Has to be said I don’t see why anybody would want more than the low hundreds on a phone camera anyway – you can’t really control the optics, exposures etc to actually get good super slow shots of the thing you are interested in. So going that into slow motion is just filling up your drive with low quality but very slow shots (if it worked). Making it another feature like all phone camera’s in general – useful more because it is simple and functional enough point and shoot that is convenient to carry than actually really good at capturing what you wanted how you wanted it.
No, because the camera sensor wasn’t even capable of the advertised speed.
Aww, now you’re just picking on the marketing department. Next thing you’ll be telling me that EV manufactures are lying about their 600 mile range.

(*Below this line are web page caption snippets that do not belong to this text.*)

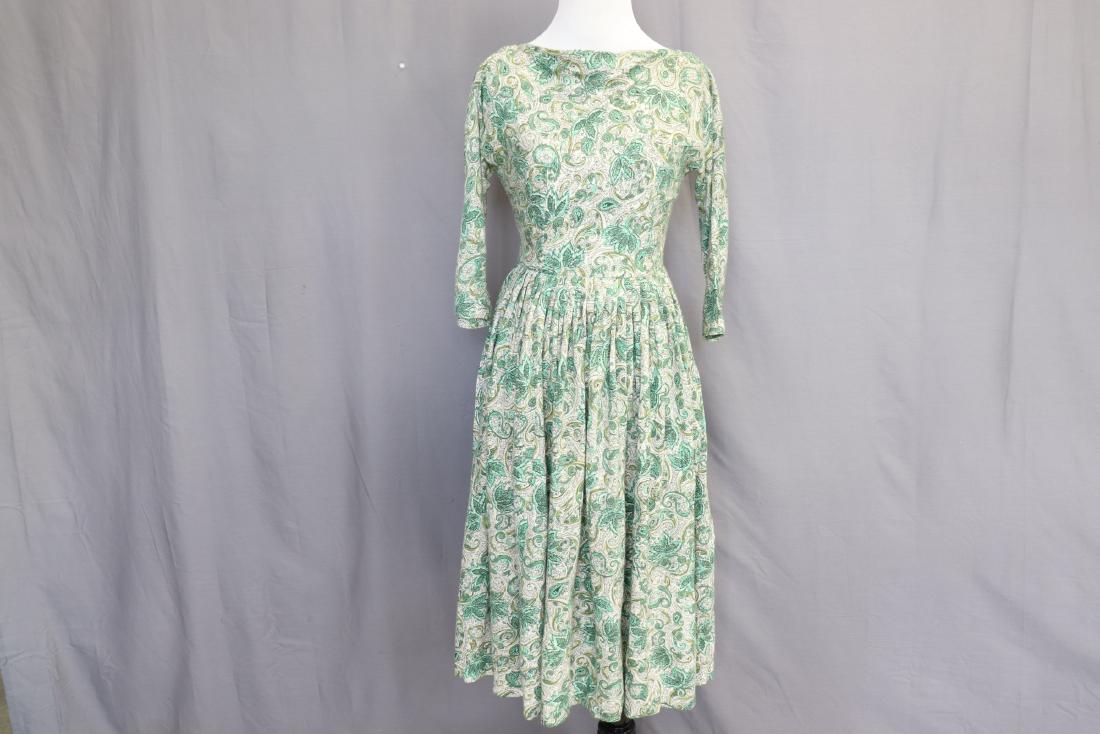 Wool Challis Green Bateau Neckline Dress: Bateau neckline, V-neck back, dolman sleeves, pleated waistline, metal zipper. Slightly discolored under arms, on lining and slight discoloration on skirt, otherwise good condition.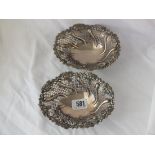Pair of Victorian bonbon dishes with floral rims and pierced swirl reeded sides on cast supports, 6”
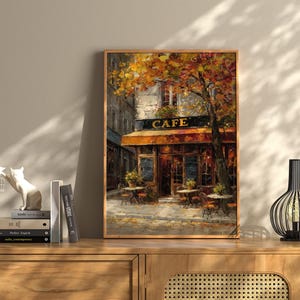 May include: A framed painting of a cafe with the word "CAFE" above the entrance. The cafe has a brown awning and tables outside. The painting is in a wooden frame and is displayed on a wooden cabinet.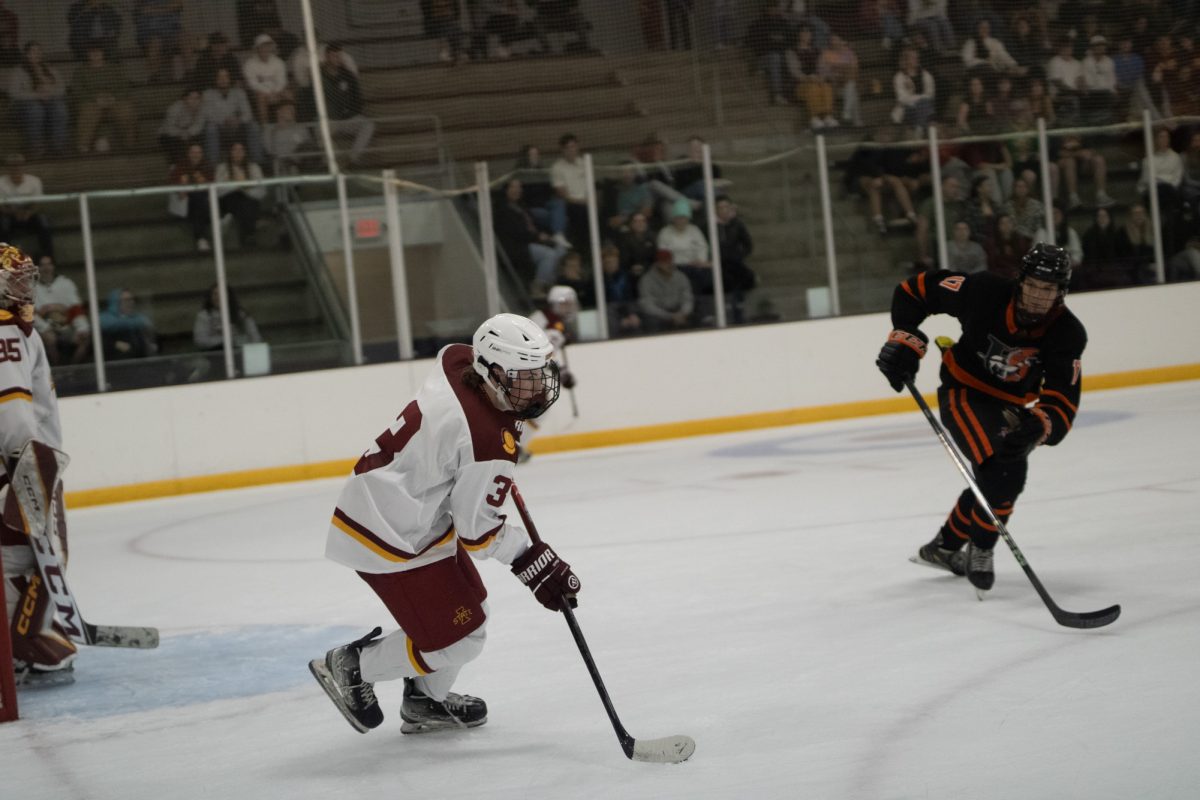 Iowa States men's hockey club player (3) keeping the puck under control to pass versus University of Jamestown men's hockey team at the ISU Ice Arena, Sept. 27, 2024. 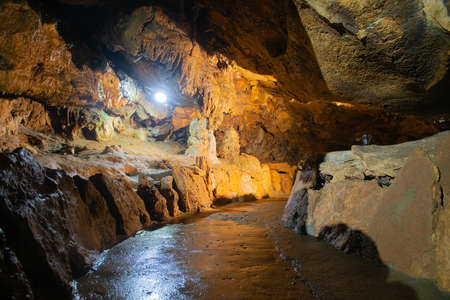 Uneven brown cave walls with lighting insideの写真素材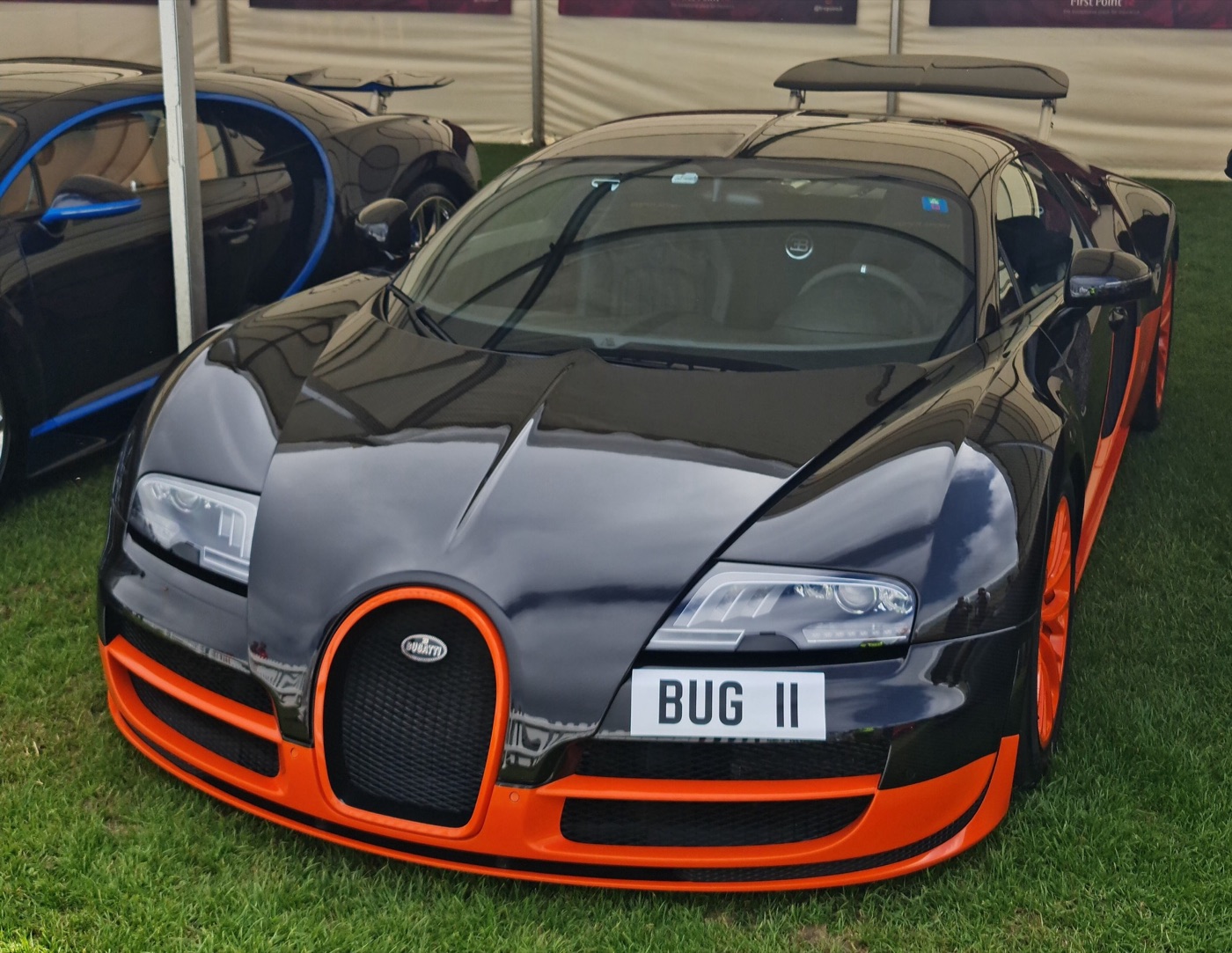 Black and orange Bugatti Veyron Super Sport World Record Edition seen head-on, with an orange horseshoe grille and orange lower bodywork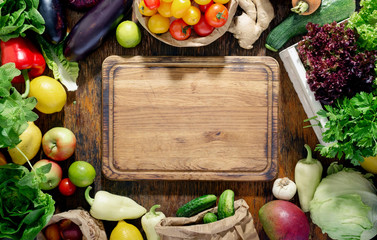 Around the kitchen board abundance healthy food on wooden table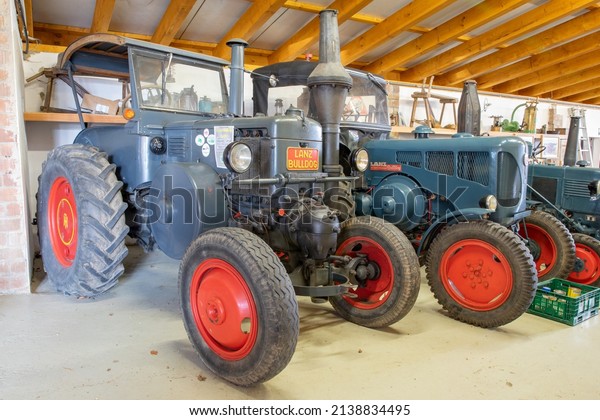 Historic Lanz Bulldog tractors in a farm\
market in Münster, Germany,\
03-14-2022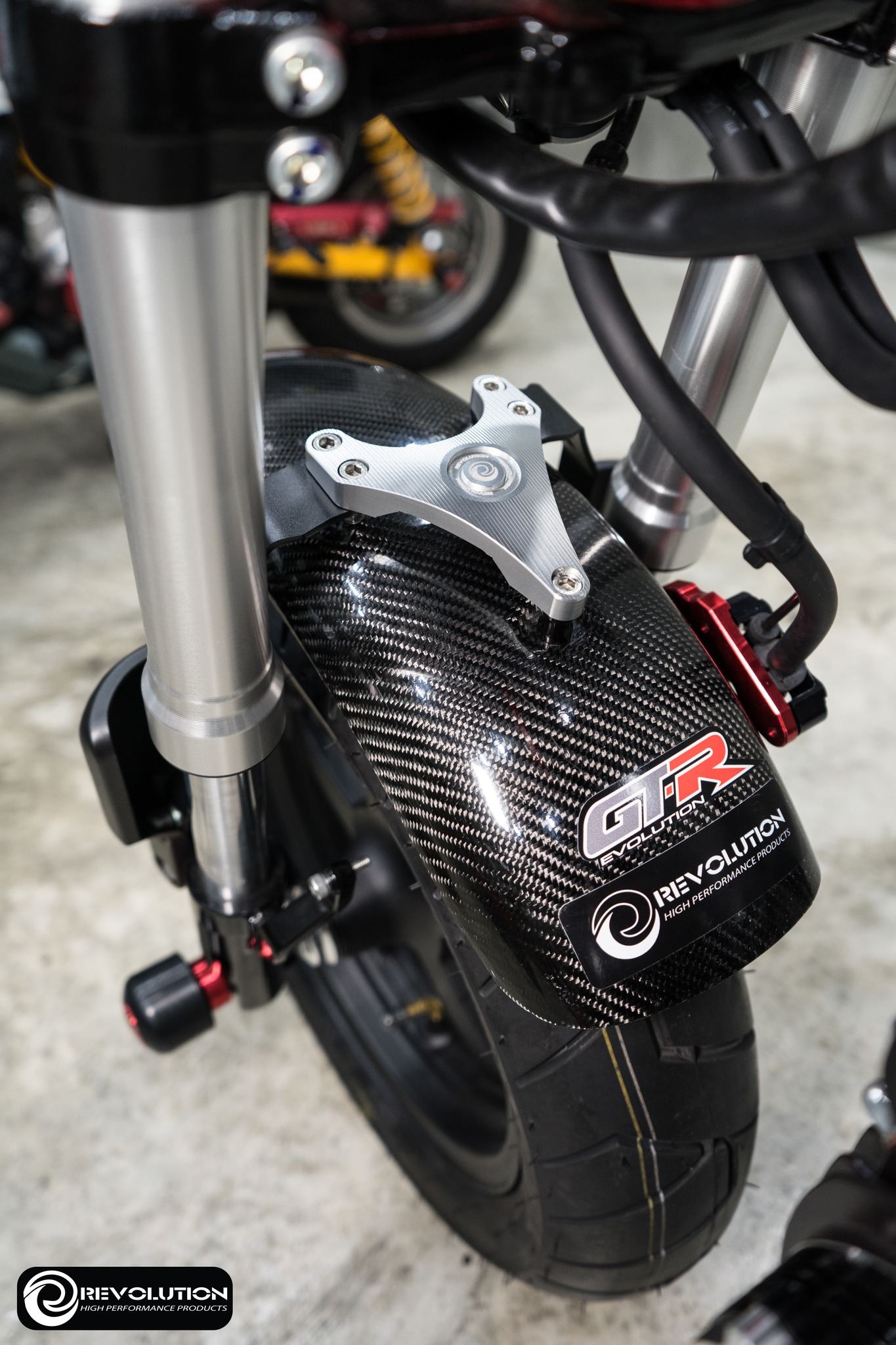 ชุดโหลดบังโคลนหน้า REVOLUTION ST-125Dax/MONKEY-125 (4-5เกียร์) - เงิน - แดง - ดำ ราคา 1,650 บาท/ชุด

It looks like, if you assume an EV runs at 75MPH for its entire charge, EVs lose about 13% of their estimated range, with German luxury marques typically doing better than estimated and Tesla and Japanese makers being the worst offenders.
A constant 75MPH is literally the worst case criteria relative to range estimates (except for going faster, of course), but maybe a semi-fair way to evaluate 300mi+ range estimates. American road trips are the most quoted reason for range anxiety, and you likely drive somewhere around that speed through the middle of the country. Not representative of a commute or a day/weekend trip on one of the coasts, but that’s also not what you need to buy range for in the first place.
https://www.caranddriver.com/features/a44676201/ev-range-epa-vs-real-world-tested/
The whole issue is about what standard if any the auto-manufacturers use to report “estimated range”. It’s not necessarily the EPA standard. In the past, they mostly used the Japanese 10-15 Mode test which only goes up to 70 kph with an average speed of 22.7 kph. Tesla used to report range when driven up to 85 kph – now they use the EPA estimate.
Also, no fans, no heater or AC, no winter tires, no headlights, no radio or anything… it’s kinda like MPG cheating by taping up door gaps, pumping up the tires and removing the charger belt from the engine. They give you the best numbers they can get away with.
@Dude, I don’t see how interior fans, led lights, and/or a typical oem radio would make anywhere near the difference in range that you’re implying.
Most people should know that an air conditioner takes power to run in any car, though over time it has become less significant than it used to be. And it’s good to point out to people in cold places that many EVs are not designed to stay outside in low temperatures except by using the equivalent of a block heater not only when parked but also to make up for heat losses while moving. Luckily, when it’s very cold it’s normal to drive slower for safety on icy roads, and if you also do it to make up for the worse fuel economy that’s fine too.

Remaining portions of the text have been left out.